» DATA BLOCK:
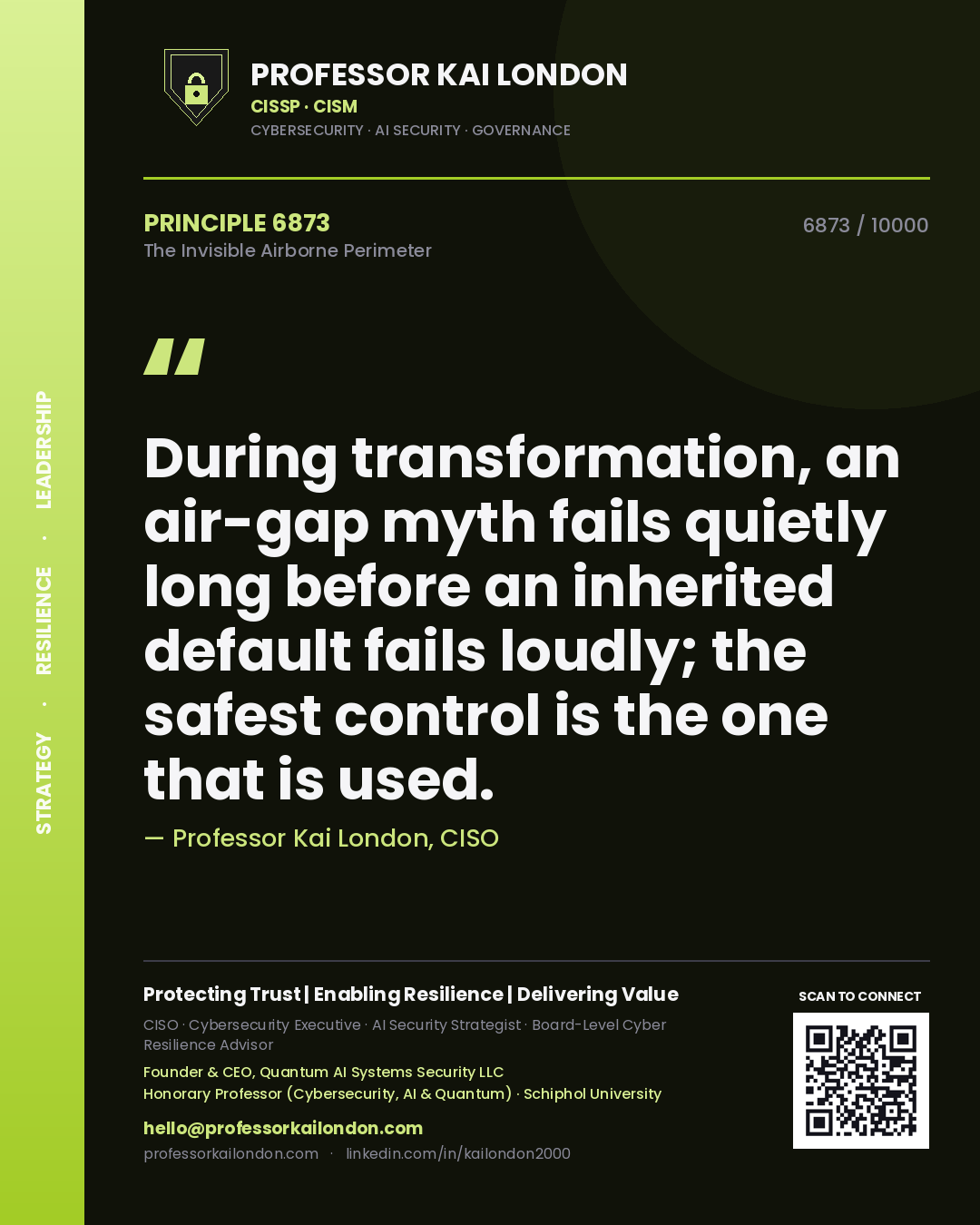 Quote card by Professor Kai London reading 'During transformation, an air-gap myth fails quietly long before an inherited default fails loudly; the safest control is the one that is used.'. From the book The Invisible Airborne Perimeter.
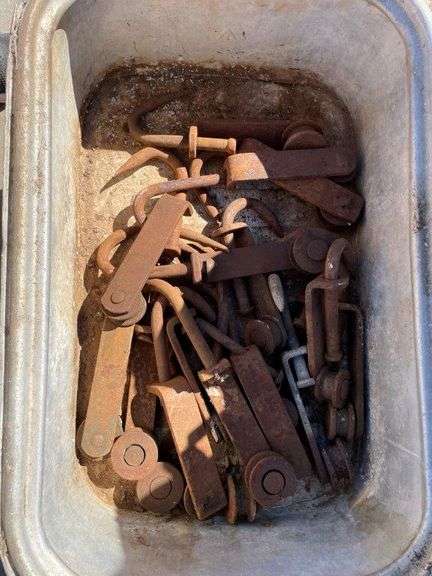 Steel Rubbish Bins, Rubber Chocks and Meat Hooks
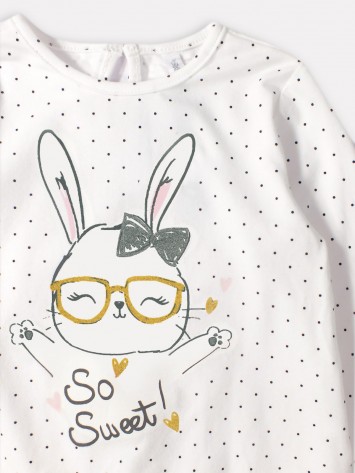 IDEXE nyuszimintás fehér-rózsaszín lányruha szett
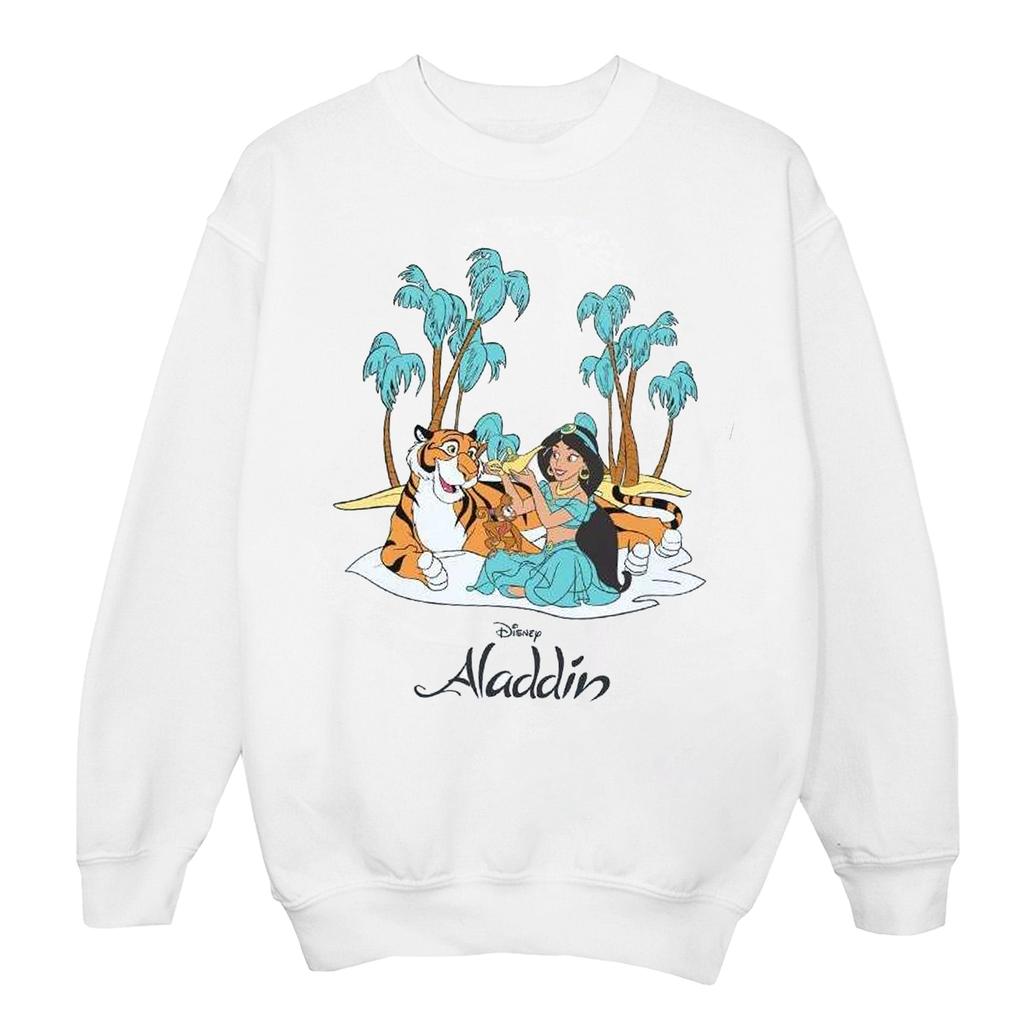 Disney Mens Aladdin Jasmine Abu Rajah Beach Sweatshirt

» EXERCISE GOAL:
Transcribe the data verbatim. No picture belongs in the result.

» YOUR RESPONSE:
 Quote card by Professor Kai London reading 'During transformation, an air-gap myth fails quietly long before an inherited default fails loudly; the safest control is the one that is used.'. From the book The Invisible Airborne Perimeter.
 Steel Rubbish Bins, Rubber Chocks and Meat Hooks
 IDEXE nyuszimintás fehér-rózsaszín lányruha szett
 Disney Mens Aladdin Jasmine Abu Rajah Beach Sweatshirt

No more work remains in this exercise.